W instytucjach totalnych pojawiają się specyficzne procesy społeczne i techniki adaptacyjne: bunt (konspiracja i ucieczki), wycofanie się (choroba drutów), zadomowienie i zimna kalkulacja. Niektórzy z bohaterów naszej książki byli organizatorami i uczestnikami brawurowych ucieczek, wielu działało w obozowej konspiracji (kursach wojskowych, nasłuchu radiowym, tajnych kontaktach z innymi obozami i zbrojnym podziemiem w kraju). Wytworzony został żargon – język podwładnych, częściowo znany także nadzorcom, zwłaszcza cenzorom (np. Ania to Anglia, Frania – Francja, ciocia Gercia – Niemcy, jaskółki – samoloty, licznik – oficer kontrolujący obecność na apelu, kujoni – uczący się oficerowie, aktorki – mężczyźni grający role kobiet w obozowym teatrze, trawiata – ohydna zupa jarzynowa, foka – fundator obozowej kawy). Strategie przystosowania do życia w niewoli były wielorakie: korespondencja z bliskimi, aktywność edukacyjna, kulturalna, sportowa, religijna, wspólne gospodarowanie zapasami żywnościowymi w gronie koleżeńskim (tzw. sitwy), funkcjonalne wykorzystanie przestrzeni na kaplicę, świetlice, sale teatralne, ogródki. Konwencja genewska z 27 lipca 1929 r. (art. 7) zapewniała jeńcom wojennym prawo do prowadzenia działalności kulturalnej, oświatowej, sportowej, religijnej, organizowanych oddolnie przez samych jeńców, a także przez polskie władze obozowe.
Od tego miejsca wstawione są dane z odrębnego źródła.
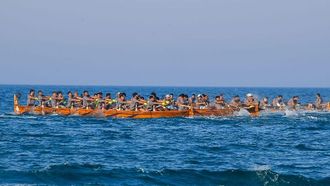 انتهاء سباق دلما للتجديف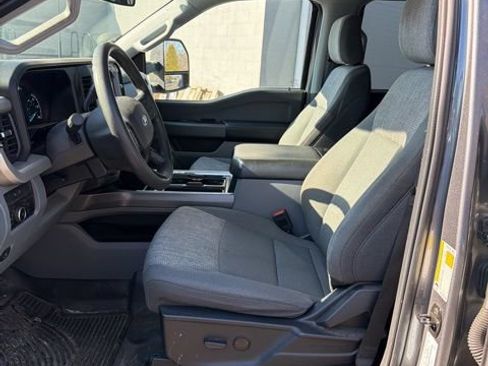 Used 2023 Ford F250 XLT image 12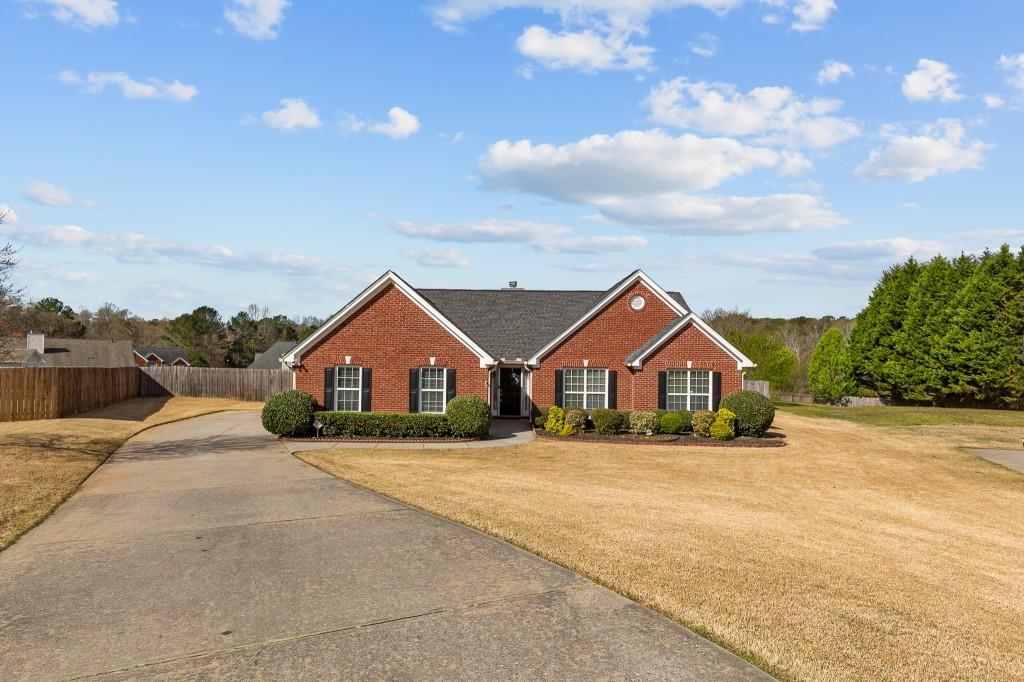 2615 Snowcrest Pl in Bethlehem, GA - Building Photo
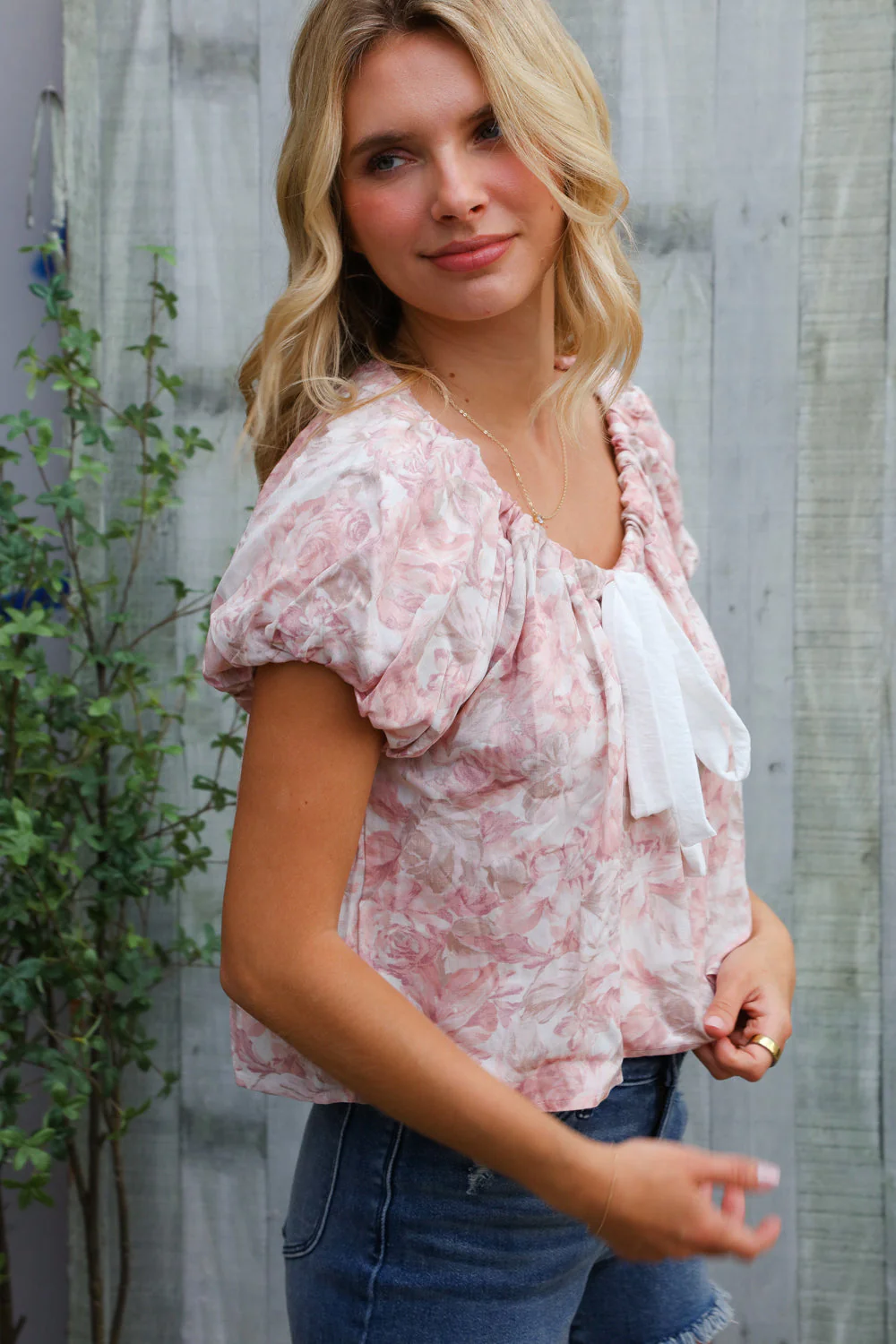 Feeling Femme' Blush Scoop Neck Floral Top w/Bow - Image 4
Oflag II C Woldenberg i Woldenberczycy
Oflag II C Woldenberg był największym obozem jenieckim dla polskich oficerów w czasie II wojny światowej. Funkcjonował od 21 maja 1940 r. do 25 stycznia
1945 r. Powstanie oflagu poprzedziło istnienie Stalagu II C Woldenberg (28 IX
1939 – 21 V 1940) dla 500 podoficerów i szeregowców – przymusowych robotników, którzy mieszkając w prymitywnych warunkach, murowali baraki przyszłego obozu dla oficerów.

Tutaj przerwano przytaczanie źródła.